- _WHAT IS EXPECTED_
Filter the records down to the lines that hold the word "Style", and copy each of those lines.

Collected data entries:

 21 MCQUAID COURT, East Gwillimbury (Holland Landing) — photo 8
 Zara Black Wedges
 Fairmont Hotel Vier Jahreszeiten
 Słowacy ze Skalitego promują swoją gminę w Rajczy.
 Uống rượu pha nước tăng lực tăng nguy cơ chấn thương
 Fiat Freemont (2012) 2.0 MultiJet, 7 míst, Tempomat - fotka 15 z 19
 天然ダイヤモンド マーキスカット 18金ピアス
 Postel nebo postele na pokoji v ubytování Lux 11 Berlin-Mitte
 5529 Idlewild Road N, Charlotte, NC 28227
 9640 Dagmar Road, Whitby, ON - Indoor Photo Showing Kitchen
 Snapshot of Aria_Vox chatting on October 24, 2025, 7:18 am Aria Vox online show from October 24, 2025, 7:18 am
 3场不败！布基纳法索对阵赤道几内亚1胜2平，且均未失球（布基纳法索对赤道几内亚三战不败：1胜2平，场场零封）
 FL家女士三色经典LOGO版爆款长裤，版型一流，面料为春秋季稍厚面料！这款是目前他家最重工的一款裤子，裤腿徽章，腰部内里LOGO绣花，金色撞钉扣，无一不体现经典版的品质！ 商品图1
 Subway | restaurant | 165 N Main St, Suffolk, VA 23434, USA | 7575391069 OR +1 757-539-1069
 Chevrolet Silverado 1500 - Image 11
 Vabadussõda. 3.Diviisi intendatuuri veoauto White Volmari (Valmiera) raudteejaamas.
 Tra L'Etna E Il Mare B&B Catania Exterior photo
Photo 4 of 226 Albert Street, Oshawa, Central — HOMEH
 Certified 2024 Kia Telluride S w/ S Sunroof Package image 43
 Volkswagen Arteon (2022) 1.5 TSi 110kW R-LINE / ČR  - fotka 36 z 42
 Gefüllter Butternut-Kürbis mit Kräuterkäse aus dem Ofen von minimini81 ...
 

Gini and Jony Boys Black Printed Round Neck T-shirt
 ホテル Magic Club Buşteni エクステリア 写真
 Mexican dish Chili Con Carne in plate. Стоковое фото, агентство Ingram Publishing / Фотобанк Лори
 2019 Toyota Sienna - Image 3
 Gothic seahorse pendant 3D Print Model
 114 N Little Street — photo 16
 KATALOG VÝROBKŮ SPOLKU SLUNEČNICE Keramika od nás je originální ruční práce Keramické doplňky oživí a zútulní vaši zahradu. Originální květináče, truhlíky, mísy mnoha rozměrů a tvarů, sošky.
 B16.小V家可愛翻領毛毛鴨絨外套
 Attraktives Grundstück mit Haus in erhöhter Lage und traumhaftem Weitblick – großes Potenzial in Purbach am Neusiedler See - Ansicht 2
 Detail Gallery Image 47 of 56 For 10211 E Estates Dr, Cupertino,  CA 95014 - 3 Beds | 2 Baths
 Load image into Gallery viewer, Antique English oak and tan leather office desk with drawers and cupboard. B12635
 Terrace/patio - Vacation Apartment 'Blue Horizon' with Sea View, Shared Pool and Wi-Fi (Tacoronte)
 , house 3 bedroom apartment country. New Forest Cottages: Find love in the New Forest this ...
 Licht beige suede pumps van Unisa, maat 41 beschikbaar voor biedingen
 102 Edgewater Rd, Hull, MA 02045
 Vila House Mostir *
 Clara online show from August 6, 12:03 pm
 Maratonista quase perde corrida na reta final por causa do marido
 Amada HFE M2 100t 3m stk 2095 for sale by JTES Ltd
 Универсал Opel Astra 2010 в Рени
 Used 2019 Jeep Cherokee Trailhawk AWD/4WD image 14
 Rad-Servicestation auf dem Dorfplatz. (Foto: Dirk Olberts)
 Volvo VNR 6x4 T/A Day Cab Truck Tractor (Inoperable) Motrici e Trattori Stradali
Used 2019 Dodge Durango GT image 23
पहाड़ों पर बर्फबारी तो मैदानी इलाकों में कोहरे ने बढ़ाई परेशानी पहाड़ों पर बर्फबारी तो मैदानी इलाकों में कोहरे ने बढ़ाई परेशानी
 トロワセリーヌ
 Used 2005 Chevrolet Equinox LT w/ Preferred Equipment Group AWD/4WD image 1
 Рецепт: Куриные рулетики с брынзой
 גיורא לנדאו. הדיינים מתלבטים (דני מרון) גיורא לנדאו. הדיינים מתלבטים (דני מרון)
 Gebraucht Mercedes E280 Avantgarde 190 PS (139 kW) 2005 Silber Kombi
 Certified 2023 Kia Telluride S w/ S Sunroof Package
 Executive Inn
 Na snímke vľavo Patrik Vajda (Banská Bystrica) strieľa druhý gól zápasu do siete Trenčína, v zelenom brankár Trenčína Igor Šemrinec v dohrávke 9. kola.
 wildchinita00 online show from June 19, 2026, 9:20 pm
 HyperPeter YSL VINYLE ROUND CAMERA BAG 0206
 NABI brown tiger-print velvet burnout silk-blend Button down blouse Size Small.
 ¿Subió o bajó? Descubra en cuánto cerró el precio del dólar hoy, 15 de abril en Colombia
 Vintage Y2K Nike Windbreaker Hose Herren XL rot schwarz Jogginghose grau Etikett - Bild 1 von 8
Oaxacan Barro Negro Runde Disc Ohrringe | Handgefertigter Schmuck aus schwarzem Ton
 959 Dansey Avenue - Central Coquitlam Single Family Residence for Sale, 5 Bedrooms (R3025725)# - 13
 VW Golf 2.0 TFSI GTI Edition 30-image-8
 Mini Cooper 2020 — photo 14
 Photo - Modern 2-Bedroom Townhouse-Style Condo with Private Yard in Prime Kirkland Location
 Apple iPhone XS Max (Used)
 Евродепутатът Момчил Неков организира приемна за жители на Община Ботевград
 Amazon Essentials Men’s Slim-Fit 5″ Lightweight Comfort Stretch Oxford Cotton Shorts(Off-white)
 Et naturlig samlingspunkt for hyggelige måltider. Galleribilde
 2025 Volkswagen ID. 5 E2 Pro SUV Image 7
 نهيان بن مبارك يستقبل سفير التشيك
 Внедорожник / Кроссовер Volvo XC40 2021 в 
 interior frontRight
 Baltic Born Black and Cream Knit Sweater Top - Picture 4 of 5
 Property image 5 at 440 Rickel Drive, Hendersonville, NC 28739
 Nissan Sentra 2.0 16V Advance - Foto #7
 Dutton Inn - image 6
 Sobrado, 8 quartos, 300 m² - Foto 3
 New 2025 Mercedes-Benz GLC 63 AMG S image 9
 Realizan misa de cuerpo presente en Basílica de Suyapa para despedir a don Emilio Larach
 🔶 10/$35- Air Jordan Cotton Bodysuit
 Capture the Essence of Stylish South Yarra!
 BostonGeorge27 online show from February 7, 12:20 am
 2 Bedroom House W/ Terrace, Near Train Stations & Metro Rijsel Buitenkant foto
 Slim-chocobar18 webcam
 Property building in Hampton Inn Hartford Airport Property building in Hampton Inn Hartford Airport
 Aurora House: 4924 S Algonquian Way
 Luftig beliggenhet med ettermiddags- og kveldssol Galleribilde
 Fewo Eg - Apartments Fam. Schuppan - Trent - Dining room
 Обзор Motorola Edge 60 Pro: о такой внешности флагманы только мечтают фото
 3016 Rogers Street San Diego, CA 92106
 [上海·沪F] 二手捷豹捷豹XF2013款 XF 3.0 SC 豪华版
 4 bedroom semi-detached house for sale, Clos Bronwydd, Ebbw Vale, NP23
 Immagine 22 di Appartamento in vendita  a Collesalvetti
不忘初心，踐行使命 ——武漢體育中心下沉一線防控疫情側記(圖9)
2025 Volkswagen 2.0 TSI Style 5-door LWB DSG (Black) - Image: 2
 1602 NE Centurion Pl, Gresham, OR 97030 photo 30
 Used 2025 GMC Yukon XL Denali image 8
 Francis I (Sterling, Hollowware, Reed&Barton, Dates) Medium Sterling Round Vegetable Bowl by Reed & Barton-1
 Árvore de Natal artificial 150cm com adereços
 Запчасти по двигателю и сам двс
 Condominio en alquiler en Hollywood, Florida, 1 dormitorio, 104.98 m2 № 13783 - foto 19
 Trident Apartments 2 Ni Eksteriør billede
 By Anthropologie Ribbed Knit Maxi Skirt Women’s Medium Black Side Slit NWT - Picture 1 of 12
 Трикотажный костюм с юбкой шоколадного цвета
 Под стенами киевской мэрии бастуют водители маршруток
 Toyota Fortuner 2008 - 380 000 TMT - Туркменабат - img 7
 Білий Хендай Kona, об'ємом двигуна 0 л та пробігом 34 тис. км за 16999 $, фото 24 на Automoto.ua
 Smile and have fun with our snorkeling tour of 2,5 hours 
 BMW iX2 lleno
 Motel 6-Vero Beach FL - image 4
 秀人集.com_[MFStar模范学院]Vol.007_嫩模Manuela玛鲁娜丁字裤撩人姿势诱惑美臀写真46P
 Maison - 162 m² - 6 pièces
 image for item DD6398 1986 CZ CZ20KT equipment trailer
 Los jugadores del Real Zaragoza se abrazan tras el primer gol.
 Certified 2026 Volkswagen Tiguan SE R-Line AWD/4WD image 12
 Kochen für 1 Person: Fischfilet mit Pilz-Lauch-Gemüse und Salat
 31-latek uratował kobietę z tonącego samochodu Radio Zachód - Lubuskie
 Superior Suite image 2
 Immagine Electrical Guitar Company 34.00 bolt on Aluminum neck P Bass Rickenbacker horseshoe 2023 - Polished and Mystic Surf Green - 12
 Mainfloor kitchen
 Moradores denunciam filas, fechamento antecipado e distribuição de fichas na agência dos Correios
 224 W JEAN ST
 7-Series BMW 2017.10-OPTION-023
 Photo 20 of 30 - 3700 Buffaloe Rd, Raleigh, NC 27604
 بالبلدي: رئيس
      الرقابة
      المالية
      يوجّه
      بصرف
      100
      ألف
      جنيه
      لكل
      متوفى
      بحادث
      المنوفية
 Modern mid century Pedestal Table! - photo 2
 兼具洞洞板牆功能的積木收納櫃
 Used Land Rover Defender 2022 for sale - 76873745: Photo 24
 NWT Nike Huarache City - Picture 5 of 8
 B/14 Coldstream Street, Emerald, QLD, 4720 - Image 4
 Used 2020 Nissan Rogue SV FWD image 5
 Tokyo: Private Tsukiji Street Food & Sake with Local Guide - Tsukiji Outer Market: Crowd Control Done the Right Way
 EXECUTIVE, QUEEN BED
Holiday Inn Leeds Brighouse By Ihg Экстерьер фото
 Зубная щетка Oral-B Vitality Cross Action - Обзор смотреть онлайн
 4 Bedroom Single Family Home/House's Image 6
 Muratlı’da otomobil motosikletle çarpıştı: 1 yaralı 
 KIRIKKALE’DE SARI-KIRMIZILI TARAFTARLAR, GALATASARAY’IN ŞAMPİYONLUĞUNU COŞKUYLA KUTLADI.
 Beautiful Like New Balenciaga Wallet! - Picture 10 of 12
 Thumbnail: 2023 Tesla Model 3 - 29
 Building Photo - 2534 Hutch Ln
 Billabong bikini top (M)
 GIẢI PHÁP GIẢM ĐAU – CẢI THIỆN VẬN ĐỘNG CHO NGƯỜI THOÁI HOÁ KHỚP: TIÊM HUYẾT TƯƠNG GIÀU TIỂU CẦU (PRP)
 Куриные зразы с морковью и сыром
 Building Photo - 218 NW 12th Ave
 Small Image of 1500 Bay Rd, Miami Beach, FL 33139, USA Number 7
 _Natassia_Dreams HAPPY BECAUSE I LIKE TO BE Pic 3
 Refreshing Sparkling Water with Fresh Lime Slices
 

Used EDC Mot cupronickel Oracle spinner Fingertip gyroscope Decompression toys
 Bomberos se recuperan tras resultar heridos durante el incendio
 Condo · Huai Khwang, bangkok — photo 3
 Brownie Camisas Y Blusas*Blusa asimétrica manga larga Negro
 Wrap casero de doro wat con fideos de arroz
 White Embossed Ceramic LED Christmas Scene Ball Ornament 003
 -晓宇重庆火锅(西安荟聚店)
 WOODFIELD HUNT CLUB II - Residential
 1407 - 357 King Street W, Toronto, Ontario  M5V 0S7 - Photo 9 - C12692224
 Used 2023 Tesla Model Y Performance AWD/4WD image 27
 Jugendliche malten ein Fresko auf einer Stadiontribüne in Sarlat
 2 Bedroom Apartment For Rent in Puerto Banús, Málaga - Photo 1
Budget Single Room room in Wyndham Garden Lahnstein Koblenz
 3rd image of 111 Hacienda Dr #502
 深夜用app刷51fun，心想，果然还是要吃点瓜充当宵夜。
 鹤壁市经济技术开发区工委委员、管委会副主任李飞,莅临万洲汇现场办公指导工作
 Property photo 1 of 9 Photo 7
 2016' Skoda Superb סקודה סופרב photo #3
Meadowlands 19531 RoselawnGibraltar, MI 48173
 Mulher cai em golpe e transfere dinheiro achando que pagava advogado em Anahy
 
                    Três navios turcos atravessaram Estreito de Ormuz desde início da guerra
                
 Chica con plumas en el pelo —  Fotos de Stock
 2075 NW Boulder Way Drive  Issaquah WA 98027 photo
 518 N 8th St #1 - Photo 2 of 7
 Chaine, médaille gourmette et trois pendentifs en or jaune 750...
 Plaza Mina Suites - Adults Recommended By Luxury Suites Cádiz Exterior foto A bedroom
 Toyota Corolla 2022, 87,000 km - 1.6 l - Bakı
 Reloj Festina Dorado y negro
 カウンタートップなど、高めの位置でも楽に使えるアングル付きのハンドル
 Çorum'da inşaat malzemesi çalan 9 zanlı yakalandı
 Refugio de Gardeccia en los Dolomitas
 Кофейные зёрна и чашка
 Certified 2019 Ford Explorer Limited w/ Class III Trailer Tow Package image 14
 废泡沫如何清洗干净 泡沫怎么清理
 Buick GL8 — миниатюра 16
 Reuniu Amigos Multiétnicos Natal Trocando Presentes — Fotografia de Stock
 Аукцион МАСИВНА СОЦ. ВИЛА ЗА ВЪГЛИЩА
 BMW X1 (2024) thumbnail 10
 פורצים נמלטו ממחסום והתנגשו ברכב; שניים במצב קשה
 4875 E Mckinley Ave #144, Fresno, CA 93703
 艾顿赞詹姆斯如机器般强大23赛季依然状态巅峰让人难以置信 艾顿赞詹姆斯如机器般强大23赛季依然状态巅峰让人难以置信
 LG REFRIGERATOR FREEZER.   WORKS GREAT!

- _REPLY_
 Photo - Modern 2-Bedroom Townhouse-Style Condo with Private Yard in Prime Kirkland Location
2025 Volkswagen 2.0 TSI Style 5-door LWB DSG (Black) - Image: 2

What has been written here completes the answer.